Asked if it would be normal for Mr Blair to issue such a correction, Sir John replied: "I would doubt that that would have happened, would it?"
Sir John raised serious concerns about the relations between the Government and the intelligence community in the run-up to the Iraq War.
He said: "I have never in my experience come across the JIC being used in this way before.
"It was clearly way outside the normal way in which the JIC operates.
"The normal run of the system should be that intelligence produces the information that it can from the information that it has and produces that information to Government and policy-makers.
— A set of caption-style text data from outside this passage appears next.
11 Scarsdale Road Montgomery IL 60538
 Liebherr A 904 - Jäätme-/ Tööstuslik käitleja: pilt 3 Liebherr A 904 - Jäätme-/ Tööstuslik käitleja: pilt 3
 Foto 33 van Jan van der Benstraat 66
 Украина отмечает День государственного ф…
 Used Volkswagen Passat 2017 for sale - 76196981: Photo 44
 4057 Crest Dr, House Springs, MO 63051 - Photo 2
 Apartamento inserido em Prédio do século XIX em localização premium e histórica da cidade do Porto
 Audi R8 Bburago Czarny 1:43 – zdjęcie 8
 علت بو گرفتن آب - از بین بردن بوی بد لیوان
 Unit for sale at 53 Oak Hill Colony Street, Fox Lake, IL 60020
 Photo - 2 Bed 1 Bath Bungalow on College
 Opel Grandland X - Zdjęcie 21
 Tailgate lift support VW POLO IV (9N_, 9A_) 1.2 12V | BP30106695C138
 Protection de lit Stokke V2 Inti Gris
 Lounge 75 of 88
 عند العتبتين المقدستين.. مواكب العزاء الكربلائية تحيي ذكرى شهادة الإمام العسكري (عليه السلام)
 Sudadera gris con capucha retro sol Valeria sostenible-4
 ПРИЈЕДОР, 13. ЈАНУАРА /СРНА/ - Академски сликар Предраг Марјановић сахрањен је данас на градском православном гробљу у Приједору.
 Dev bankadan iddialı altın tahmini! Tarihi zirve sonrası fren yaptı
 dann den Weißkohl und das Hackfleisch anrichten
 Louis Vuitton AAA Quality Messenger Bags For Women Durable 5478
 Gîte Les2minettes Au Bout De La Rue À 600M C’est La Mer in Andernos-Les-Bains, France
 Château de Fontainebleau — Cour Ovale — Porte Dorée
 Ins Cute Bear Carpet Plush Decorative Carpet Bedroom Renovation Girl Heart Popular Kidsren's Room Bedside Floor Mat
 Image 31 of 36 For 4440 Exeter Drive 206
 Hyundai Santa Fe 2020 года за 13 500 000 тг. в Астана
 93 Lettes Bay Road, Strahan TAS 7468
It is intelligence into policy.
"The thing that does worry me about this, because of the dire results of it – let's face it, the nation went to war – is that that was reversed.
"It seems to me that policy was driving intelligence and that is an extremely dangerous thing to do as a nation-state."
Fresh speculation about Mr Blair's future was triggered by news that he had been on the verge of quitting last month and Cabinet ministers had appealed to him to soldier on.
Sources said the PM was now determined to stay after telling friends there was no deal to hand power to Chancellor Gordon Brown.
But Cabinet tensions were said to be "as bad as at any stage in recent years" at the start of a crucial week.
Opponents said the Government was "losing the plot" and either the PM or Chancellor must go.
The criticism came as Mr Brown prepared to set the scene for the coming General Election in today's three-year spending review.
Tory leader Michael Howard said: "Tensions at the top of Government have now got so great they are interfering in the good government we all want to see.
"So I think it is becoming increasingly clear that one or other of them has to go."
Liberal Democrat leader Charles Kennedy added: "This Government is losing the plot."
Cabinet colleagues who rallied round Mr Blair after it emerged he suffered a "long dark night of the soul" are said to have included John Reid, Charles Clarke, Tessa Jowell and Patricia Hewitt."